Longtemps domicilié à Dieppe (76), Charles Delaby est patron de chalutier, inscrit maritime.

Dieppe. Chalutier sortant du Port. Carte postale (recadrée), date inconnue, coll. Mémoire Vive.

Dieppe. Chalutier sortant du Port. Carte postale (recadrée), date inconnue, coll. Mémoire Vive.

Membre du Parti communiste, il est secrétaire du Syndicat des marins de Dieppe de 1936 à 1939 et dirigeant de l’Union Départementale de Seine-Maritime en 1938 et 1939.

À la suite des grèves ouvrières du 30 novembre 1938 – qu’il organise avec Charles Pieters, responsable des dockers et qui rejoindra plus tard les groupes armés de la Résistance – il est arrêté avec d’autres dirigeants syndicaux de la ville. Leur défense est assurée par Maître Pierre Brandon du barreau de Paris et Maître Biez de Dieppe, qui met son cabinet à la disposition de la défense. Charles Delaby est condamné à trois mois de prison ferme et 50 francs d’amende pour entrave à la liberté du travail, en même temps que Marcel Dufriche, futur FTP lui aussi. La presse locale les désignait comme « meneurs ». Les marins lancent alors un mot d’ordre de blocage de tous les ports de France – ceux de Dieppe précisant qu’ils garderont à quai le paquebot “Normandie” – tant que leurs responsables syndicaux n’auront pas été libérés.

Le 27 septembre 1939 à Berck-sur-Mer (Pas-de-Calais), Charles Delaby se marie avec Virginie Conte. Ils auront une fille.

Militant dans la clandestinité, Charles Delaby est arrêté le 16 septembre 1941, en tant que « communiste notoire ». Il est alors domicilié au 64, avenue Raspail à Bagnolet [2] (Seine / Seine-Saint-Denis).

À une date restant à préciser, il est remis aux “autorités d’occupation” à leur demande et transféré au camp allemand de Royallieu à Compiègne [3] (Oise), administré et gardé par la Wehrmacht (Frontstalag 122 – Polizeihaftlager).

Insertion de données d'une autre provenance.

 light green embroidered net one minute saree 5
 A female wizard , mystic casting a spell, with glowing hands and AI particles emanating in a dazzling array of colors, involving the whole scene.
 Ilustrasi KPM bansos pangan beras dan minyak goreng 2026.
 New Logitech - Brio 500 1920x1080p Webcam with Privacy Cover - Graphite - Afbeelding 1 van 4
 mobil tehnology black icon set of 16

Plusieurs rescapés se souviennent qu’il y donnait des conférences sur la pêche.

La caserne de Royallieu après-guerre. Les huit premiers bâtiments alignés à gauche sont ceux du quartier “A”, désigné pendant un temps comme le “camp des communistes”. À l’arrière plan à gauche, sur l’autre rive de l’Oise, l’usine de Venette qui fut la cible de plusieurs bombardements avec “dégâts collatéraux” sur le camp. Carte postale. Collection Mémoire Vive.

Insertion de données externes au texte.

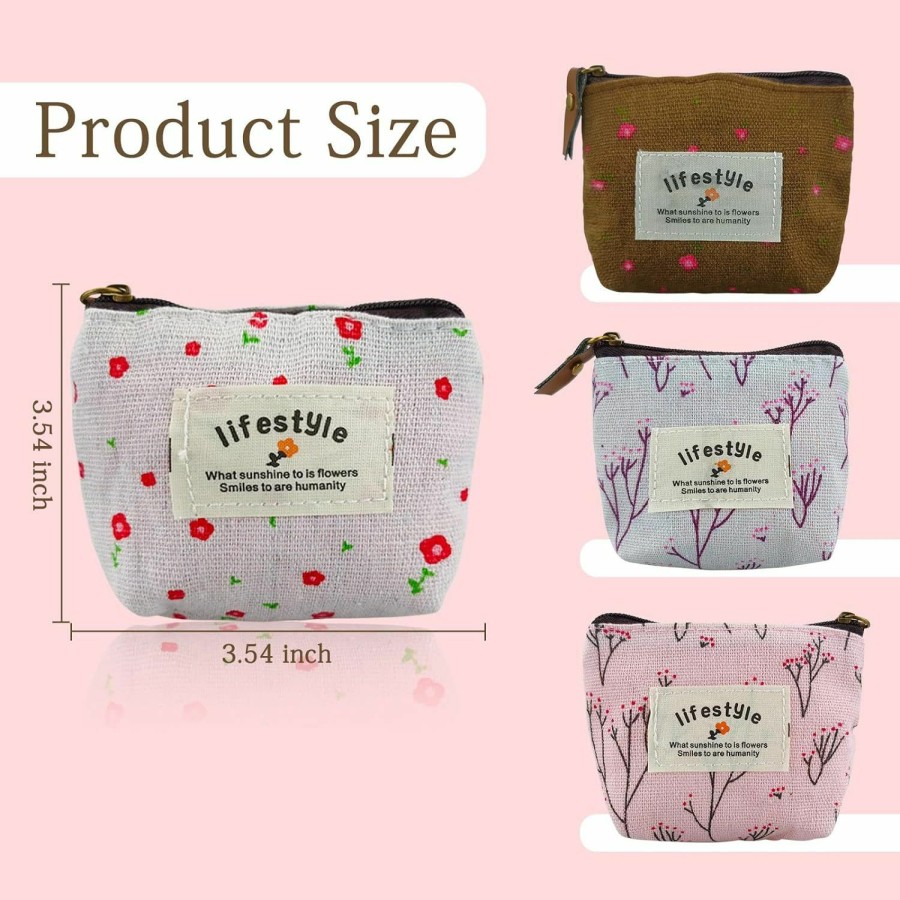 FuninCrea Funincrea Small Coin Purse, 4 Pack Of Different Cute Flower Patterns Canvas Coin Purse With Smooth Zip Mini Wallet For Storing Coin, Credit Card, Id Card, Keys, Lipstick (Colorful) | Coin Purses & Pouches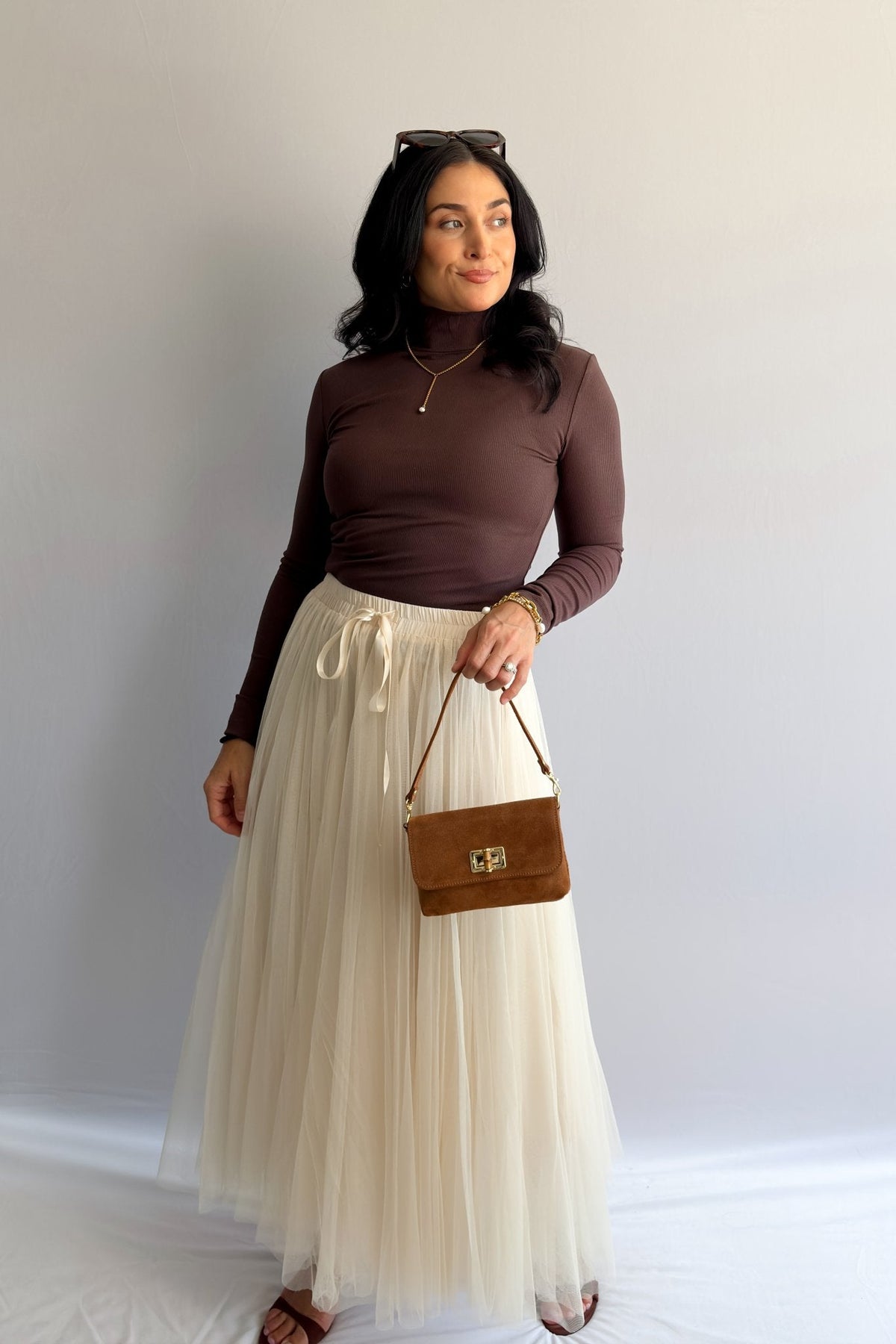 Women’s Ribbed Mock Neck Long - Sleeve Top – Brown - Women&#39;s Shirts &amp; Tops - Blooming Daily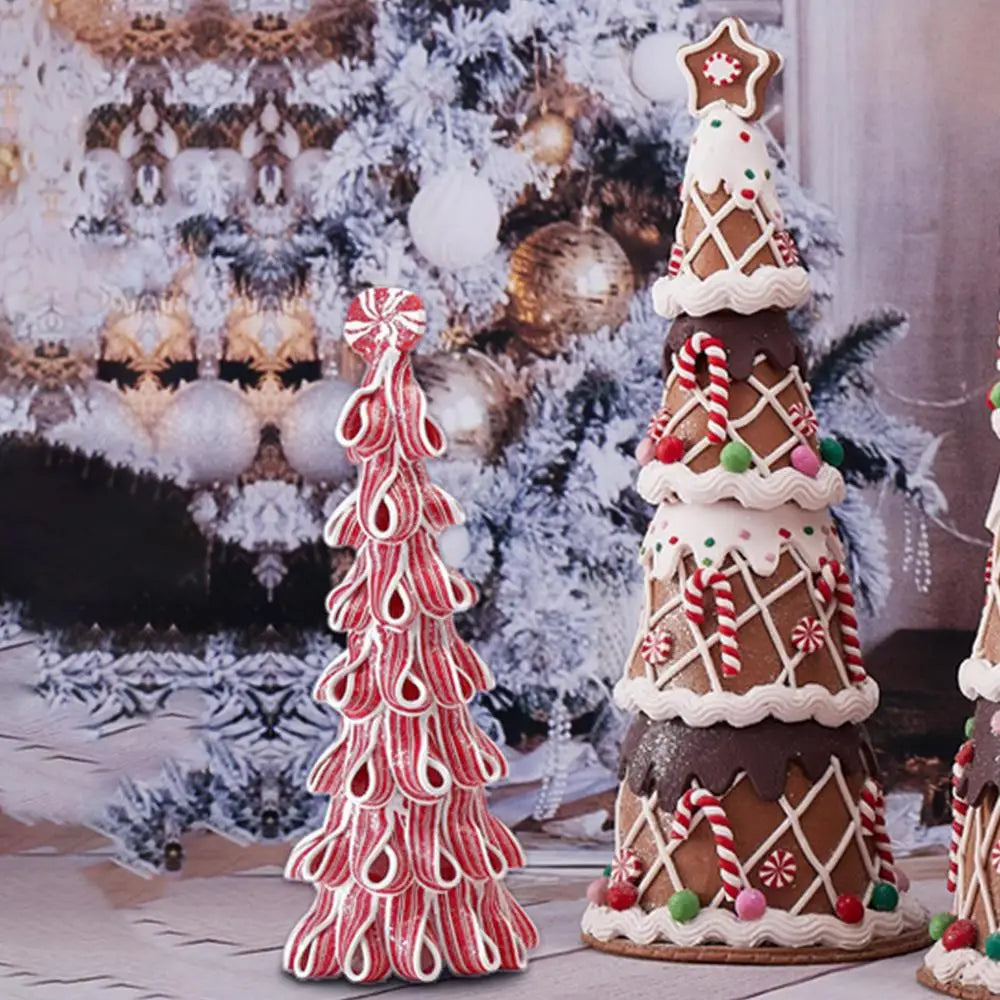 Mini Christmas Tree Decorative Miniature Christmas Tree Candy Cake Shaped Artificial Christmas Tree For Home Tabletop Decor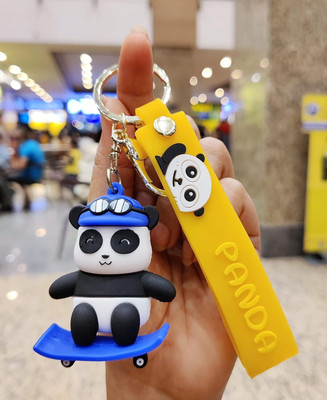 Swasti SILICONE KEYCHAIN PANDA SKATE Key Chain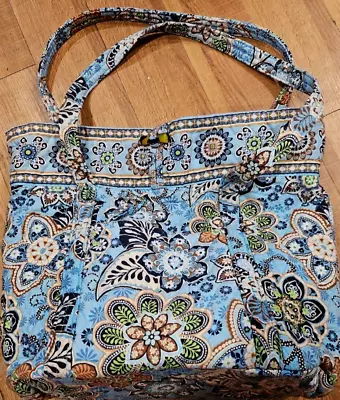 Vera Bradley Tote Bali Blue Light Blue Flowers Blooms Green Brown Navy 17 X14  • $13.99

La caserne de Royallieu après-guerre. Les huit premiers bâtiments alignés à gauche sont ceux du quartier “A”,
désigné pendant un temps comme le “camp des communistes”.
À l’arrière plan à gauche, sur l’autre rive de l’Oise, l’usine de Venette qui fut la cible de plusieurs bombardements avec “dégâts collatéraux” sur le camp.
Carte postale. Collection Mémoire Vive.

Entre fin avril et fin juin 1942, Charles Delaby est sélectionné avec plus d’un millier d’otages désignés comme communistes et une cinquantaine d’otages désignés comme juifs dont la déportation a été décidée en représailles des actions armées de la résistance communiste contre l’armée allemande, en application d’un ordre de Hitler.

Le 6 juillet 1942 à l’aube, les détenus sont conduits à pied sous escorte allemande à la gare de Compiègne, sur la commune de Margny, et entassés dans des wagons de marchandises. Le train part une fois les portes verrouillées, à 9 h 30.

Les deux wagons à bestiaux du Mémorial de Margny-les-Compiègne, installés sur une voie de la gare de marchandise d’où sont partis les convois de déportation. Cliché Mémoire Vive 2011.

Les deux wagons à bestiaux du Mémorial de Margny-les-Compiègne,
installés sur une voie de la gare de marchandise d’où sont partis les convois de déportation.
Cliché Mémoire Vive 2011.

Le voyage dure deux jours et demi. N’étant pas ravitaillés en eau, les déportés souffrent principalement de la soif.

Le 8 juillet 1942, Charles Delaby est enregistré au camp souche d’Auschwitz (Auschwitz-I), peut-être sous le numéro 45435, selon les listes reconstituées, la photo du détenu portant ce matricule n’a pas été retrouvée.

Les SS ont détruit la plupart des archives du KL Auschwitz.  Le portrait d’immatriculation de ce détenu a disparu.

Les SS ont détruit la plupart des archives du KL Auschwitz.
Le portrait d’immatriculation de ce détenu a disparu.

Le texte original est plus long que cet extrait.